Bundestrainer verlängertDHB beendet Diskussionen um Ablösung von Alfred Gislason
Alfred Gislason feiert mit der deutschen Handball-Nationalmannschaft große Erfolge. Der Isländer steht allerdings auch immer wieder in der Kritik. Doch schon jetzt ist klar: Gislason macht auch nach der Heim-WM Anfang 2027 weiter.
Alfred Gislason bleibt auch über die Heim-WM hinaus Bundestrainer. Der Deutsche Handballbund (DHB) hat den im kommenden Jahr auslaufenden Vertrag mit dem Isländer bis 2028 verlängert, wie der Verband mitteilte. Nach der Heim-WM 2027 (13. bis 31. Januar) wird Gislason das deutsche Männerteam damit auch bei einer möglichen Teilnahme an den Olympischen Spielen 2028 in Los Angeles betreuen.

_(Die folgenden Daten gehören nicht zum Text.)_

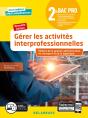 Mon Métier, Mes Compétences : Gérer Les Activités Interprofessionnelles Tome 2 ; 2de Bac Pro Gatl ; Pochette Élève (Édition 2020) - Preview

„Bundestrainer der deutschen Handball-Nationalmannschaft zu sein, ist mehr als ein Beruf – das erfahre ich bei jedem Heimspiel wie zuletzt mit 19.750 Fans in Köln“, sagte Gislason: „Es war mein Auftrag, die Nationalmannschaft zu erneuern. Das ist uns gelungen. Ich bin dankbar für das Vertrauen, diese Arbeit bis 2028 fortsetzen zu dürfen. Und ich bin davon überzeugt, mit unseren Spielern den letzten Schritt gehen zu können: Die Silbermedaillen bei den Olympischen Spielen 2024 und der Europameisterschaft 2026 spornen uns alle an. Unsere Geschichte ist noch lange nicht auserzählt.“
DHB adelt Gislason als „Fels in der Brandung“
Für DHB-Sportvorstand Ingo Meckes ist Gislason „nicht nur ein beeindruckender Trainer, sondern auch ein in jeder Hinsicht verlässlicher Mensch“. DHB-Präsident Andreas Michelmann adelte den Trainer-Routinier als „Fels in der Brandung“. In Gislasons Amtszeit seit 2020 gewann das DHB-Team Olympia-Silber vor zwei Jahren in Paris sowie EM-Silber im vergangenen Januar – in den Endspielen setzte es klare Niederlagen, jeweils gegen Dänemark. Zuletzt hatte es immer wieder auch Diskussionen über eine mögliche Ablösung des 66-Jährigen nach der Heim-WM gegeben.
Gislason hatte zuletzt seinen Wunsch bekräftigt, über das Turnier hinaus mit der Mannschaft weiterarbeiten zu wollen. Meckes hatte Mitte März betont, man wolle sich bei der Entscheidung nicht unter Druck setzen lassen, verwies aber darauf, dass spätestens vor WM-Beginn Klarheit herrschen müsse. „Wir wägen alle Möglichkeiten ab“, hatte der Sportchef gesagt.